Lo admito. Consiguió confundirme, puesto que era yo quien no tenía asumido que alguien como Marión estuviera dispuesta a pagar por irse conmigo a la cama.

— Tengo que pensarlo — fue todo lo que se me ocurrió en aquellos momentos.

Ha pasado mucho tiempo, pero aún me avergьenzo por haberle hecho concebir falsas esperanzas a un ser al que se advertía tan profundamente desgraciado.

¿Era aquello todo lo que yo había aprendido de las enseñanzas de Sebastián?

¿Era así como é se hubiera comportado en una situación semejante?

Dudo mucho que ningún hombre se hubiera aproximado nunca a mi padre con el fin de hacerle una propuesta semejante, pero conociéndole como le conocía dudo mucho también que aquella hubiera sido su respuesta.

Sebastián tenía recursos para todo, y quiero imaginar que también hubiera tenido la suficiente delicadeza como para hacer comprender a cualquier despistado lo absurdo de su pretensión sin llegar a ofenderle.

Pero es que, en mi caso particular, las pretensiones de Marión no tenían nada de descabelladas.

Era ya vox populi que una señorona muy elegante pagaba mi coqueto apartamento, y empezaba a preocuparme el hecho de que un día se descubriera quién era en realidad la tal señorona.

Doña Adela casi nunca me hablaba de su marido.
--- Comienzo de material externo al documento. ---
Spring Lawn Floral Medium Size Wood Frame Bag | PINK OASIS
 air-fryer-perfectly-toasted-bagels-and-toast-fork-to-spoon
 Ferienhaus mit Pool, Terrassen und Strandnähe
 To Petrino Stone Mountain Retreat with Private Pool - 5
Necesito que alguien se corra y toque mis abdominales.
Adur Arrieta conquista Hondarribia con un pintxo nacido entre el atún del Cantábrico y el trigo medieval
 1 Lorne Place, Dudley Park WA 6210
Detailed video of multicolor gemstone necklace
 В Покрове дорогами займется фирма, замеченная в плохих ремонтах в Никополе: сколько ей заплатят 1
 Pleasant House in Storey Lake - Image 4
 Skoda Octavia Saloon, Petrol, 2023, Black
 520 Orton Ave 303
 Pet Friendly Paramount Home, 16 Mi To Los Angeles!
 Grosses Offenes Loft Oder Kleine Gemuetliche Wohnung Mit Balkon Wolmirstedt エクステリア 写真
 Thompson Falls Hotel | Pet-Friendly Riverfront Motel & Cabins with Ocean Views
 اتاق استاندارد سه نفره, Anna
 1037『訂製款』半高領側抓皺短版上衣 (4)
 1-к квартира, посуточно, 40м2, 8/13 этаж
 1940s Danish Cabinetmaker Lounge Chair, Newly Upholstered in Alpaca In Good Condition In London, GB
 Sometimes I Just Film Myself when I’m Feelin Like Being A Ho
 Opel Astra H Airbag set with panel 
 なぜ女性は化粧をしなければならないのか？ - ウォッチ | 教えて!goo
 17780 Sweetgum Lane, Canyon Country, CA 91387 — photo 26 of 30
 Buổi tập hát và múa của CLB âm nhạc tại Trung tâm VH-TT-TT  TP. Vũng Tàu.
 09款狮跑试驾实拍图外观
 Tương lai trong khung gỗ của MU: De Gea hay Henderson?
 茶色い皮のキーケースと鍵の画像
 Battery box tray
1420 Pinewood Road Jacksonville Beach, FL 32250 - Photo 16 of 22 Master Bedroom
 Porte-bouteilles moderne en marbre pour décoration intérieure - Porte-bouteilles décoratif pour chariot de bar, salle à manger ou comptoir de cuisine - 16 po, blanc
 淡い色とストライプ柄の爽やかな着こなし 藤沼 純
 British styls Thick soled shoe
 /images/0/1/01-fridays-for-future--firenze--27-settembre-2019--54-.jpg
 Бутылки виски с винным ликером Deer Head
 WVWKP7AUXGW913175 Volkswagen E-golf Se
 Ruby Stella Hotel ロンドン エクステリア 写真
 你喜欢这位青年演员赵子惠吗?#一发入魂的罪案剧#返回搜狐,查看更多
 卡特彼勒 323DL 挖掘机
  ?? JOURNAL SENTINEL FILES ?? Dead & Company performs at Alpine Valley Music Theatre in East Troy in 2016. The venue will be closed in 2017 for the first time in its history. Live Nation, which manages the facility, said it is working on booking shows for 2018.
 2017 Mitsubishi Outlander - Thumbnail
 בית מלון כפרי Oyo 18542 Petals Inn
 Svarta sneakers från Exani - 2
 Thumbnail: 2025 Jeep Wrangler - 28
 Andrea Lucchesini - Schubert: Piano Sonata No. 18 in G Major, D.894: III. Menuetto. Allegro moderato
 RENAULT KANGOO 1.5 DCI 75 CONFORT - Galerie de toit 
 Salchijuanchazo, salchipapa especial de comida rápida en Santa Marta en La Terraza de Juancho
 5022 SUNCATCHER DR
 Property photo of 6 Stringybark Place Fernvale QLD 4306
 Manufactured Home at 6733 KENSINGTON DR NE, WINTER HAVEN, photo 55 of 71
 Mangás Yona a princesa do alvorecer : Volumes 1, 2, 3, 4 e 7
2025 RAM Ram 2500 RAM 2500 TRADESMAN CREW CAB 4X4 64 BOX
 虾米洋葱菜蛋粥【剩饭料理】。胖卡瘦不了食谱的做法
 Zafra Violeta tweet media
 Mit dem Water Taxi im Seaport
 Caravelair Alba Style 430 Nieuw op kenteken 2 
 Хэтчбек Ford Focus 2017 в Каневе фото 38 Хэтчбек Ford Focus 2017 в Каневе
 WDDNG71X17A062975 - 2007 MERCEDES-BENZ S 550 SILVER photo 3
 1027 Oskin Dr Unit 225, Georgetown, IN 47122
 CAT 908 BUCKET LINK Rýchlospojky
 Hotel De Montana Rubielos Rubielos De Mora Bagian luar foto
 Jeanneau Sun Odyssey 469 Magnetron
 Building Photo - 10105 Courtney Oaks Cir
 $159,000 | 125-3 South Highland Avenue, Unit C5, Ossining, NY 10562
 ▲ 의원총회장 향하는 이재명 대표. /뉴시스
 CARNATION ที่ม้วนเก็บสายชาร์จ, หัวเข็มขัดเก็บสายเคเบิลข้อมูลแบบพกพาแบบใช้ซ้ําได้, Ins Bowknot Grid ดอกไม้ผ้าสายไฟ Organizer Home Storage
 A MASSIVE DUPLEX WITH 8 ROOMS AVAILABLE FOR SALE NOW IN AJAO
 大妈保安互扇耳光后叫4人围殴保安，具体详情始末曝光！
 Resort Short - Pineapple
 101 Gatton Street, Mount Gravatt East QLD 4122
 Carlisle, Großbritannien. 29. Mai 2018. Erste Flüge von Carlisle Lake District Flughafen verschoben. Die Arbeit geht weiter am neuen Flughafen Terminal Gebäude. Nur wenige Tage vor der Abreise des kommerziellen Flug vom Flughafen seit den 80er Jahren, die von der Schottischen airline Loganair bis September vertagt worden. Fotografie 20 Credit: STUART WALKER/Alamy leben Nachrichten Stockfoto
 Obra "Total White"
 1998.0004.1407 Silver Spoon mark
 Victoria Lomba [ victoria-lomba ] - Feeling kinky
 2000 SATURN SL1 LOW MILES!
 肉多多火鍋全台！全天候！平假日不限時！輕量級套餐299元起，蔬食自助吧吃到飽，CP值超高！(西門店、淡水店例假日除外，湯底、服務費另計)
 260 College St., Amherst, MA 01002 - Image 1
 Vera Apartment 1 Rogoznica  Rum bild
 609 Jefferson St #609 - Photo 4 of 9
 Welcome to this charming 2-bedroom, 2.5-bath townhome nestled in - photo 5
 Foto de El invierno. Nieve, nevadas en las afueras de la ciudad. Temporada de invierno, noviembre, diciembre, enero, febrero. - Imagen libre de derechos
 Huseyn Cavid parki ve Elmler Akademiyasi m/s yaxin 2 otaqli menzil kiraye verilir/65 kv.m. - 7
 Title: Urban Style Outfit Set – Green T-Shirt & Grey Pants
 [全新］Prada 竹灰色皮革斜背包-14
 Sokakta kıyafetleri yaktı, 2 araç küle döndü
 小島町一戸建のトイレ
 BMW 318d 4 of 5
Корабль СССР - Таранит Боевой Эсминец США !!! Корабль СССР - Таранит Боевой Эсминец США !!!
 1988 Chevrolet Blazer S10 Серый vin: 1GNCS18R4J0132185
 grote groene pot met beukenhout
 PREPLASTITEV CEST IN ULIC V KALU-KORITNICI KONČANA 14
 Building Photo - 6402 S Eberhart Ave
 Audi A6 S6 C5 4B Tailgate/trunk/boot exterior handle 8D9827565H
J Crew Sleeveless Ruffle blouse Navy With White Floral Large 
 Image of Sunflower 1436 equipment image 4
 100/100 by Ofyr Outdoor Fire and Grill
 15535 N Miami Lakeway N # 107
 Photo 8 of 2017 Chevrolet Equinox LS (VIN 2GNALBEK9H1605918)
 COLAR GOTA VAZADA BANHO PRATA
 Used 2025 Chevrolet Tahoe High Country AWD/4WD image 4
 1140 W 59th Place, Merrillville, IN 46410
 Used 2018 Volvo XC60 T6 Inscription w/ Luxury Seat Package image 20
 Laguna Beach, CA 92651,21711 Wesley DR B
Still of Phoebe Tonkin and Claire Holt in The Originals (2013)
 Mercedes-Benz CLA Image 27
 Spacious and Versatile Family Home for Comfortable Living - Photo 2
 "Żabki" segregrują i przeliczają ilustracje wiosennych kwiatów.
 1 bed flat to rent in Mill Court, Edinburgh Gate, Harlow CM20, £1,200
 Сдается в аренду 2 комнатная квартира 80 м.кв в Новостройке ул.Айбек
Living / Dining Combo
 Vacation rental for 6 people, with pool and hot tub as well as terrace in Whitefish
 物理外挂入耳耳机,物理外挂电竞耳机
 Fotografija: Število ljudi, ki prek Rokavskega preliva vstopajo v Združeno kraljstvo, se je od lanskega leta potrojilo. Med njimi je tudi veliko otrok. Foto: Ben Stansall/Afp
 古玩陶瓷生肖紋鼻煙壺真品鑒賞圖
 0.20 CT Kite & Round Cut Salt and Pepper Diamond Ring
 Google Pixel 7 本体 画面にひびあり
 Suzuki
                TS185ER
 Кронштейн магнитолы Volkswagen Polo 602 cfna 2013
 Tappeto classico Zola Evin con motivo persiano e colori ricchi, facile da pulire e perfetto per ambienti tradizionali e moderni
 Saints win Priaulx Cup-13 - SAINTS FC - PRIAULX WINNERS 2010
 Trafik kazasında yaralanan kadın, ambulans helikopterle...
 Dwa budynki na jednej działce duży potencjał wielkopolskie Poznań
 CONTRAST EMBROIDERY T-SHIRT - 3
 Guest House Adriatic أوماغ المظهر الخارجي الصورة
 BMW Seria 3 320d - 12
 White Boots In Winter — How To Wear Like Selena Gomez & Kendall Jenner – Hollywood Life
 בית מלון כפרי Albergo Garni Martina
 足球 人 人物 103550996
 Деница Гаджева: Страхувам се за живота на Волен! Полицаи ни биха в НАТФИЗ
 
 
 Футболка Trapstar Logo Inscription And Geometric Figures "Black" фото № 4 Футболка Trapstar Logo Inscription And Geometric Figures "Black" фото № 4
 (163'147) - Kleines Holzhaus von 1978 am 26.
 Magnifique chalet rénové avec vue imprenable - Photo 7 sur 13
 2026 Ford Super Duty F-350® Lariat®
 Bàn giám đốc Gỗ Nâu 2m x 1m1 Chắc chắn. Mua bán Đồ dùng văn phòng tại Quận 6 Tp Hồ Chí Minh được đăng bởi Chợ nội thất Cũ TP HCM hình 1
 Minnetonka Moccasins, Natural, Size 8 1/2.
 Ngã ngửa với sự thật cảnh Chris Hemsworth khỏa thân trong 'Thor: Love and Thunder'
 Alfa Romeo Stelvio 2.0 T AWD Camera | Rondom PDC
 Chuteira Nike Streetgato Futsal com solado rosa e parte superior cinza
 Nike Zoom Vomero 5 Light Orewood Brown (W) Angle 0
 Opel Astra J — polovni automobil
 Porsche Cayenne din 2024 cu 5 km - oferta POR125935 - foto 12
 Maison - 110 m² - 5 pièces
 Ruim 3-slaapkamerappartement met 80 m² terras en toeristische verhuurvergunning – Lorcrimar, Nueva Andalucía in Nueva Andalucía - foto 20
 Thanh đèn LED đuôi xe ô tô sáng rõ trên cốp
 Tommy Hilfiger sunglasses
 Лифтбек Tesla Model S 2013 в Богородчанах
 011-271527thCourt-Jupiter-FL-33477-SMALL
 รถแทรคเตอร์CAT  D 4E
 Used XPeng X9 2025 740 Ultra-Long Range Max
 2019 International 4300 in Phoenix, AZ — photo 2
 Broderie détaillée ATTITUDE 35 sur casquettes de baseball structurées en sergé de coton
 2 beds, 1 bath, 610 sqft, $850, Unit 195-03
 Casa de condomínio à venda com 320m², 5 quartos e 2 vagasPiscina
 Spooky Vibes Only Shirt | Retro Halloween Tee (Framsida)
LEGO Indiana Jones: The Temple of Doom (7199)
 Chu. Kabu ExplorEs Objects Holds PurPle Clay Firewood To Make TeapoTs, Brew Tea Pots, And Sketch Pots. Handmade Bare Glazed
Ni de los niños.

Pese a mis ocasionales preguntas sabía arreglárselas para eludir el tema, como si se esforzase por dejar puertas afuera su vida familiar, al igual que tampoco yo mencionaba jamás a mi madre y mis hermanos.

En aquella cama sólo cabíamos dos, y en sus visitas raramente abandonábamos la cama.

A veces me asaltaba la impresión de que pretendía llevarse en unas horas todo el placer que necesitaba para las siguientes semanas.

— Por las noches, pienso en ti — solía decirme-.

Y si estoy sola aspiro el aroma de tu ropa interior y eso me excita.

Me costaba una fortuna en bragas.

En cada viaje se llevaba las que acababa de usar y las envolvía en papel de aluminio asegurando que de ese modo conservaban durante más tiempo mi olor.

En ocasiones, cuando paso por una obra y veo a un albañil devorando un bocadillo envuelto en papel de aluminio no puedo por menos que recordar a doña Adela, y me la imagino en los servicios del tren de regreso a Sevilla abriendo su paquetito y metiendo las narices en mis bragas.

¡Qué vida! ¡Qué gente!

No hace mucho me enteré de que su marido había muerto, y me pregunté qué clase de bragas andaría oliendo en esos momentos doña Adela.

Que yo recuerde ningún hombre se dedicó nunca a oler mis bragas.

Y desde luego jamás se me ha pasado por la mente la idea de hundir las narices en los calzoncillos de un hombre.

— He conseguido ahorrar sesenta mil pesetas.

Me quedé de piedra.

— ¿Cómo has dicho?

— Que he conseguido ahorrar sesenta mil pesetas. ¿Es suficiente?

Allí estaba, tan menuda, tan frágil, con su vocecita casi inaudible y sus enormes ojos bajos asegurándome que en casi un mes había reunido un dinero con el que pretendía que le abriera mis piernas, y admito que dudé entre darle una bofetada o tomar su cara entre mis manos y plantarle un beso en la boca consiguiendo que se desmayase allí mismo.

Recordé a mi padre y me limité a tomar asiento en un banco cercano.

— Escucha! — dije-. Perdóname si te he hecho abrigar ilusiones, pero en realidad a mí no me gustan las mujeres. No creo que tenga que darte explicaciones de por qué hago lo que hago, pero te aseguro que tengo mis razones. Olvídate de mí!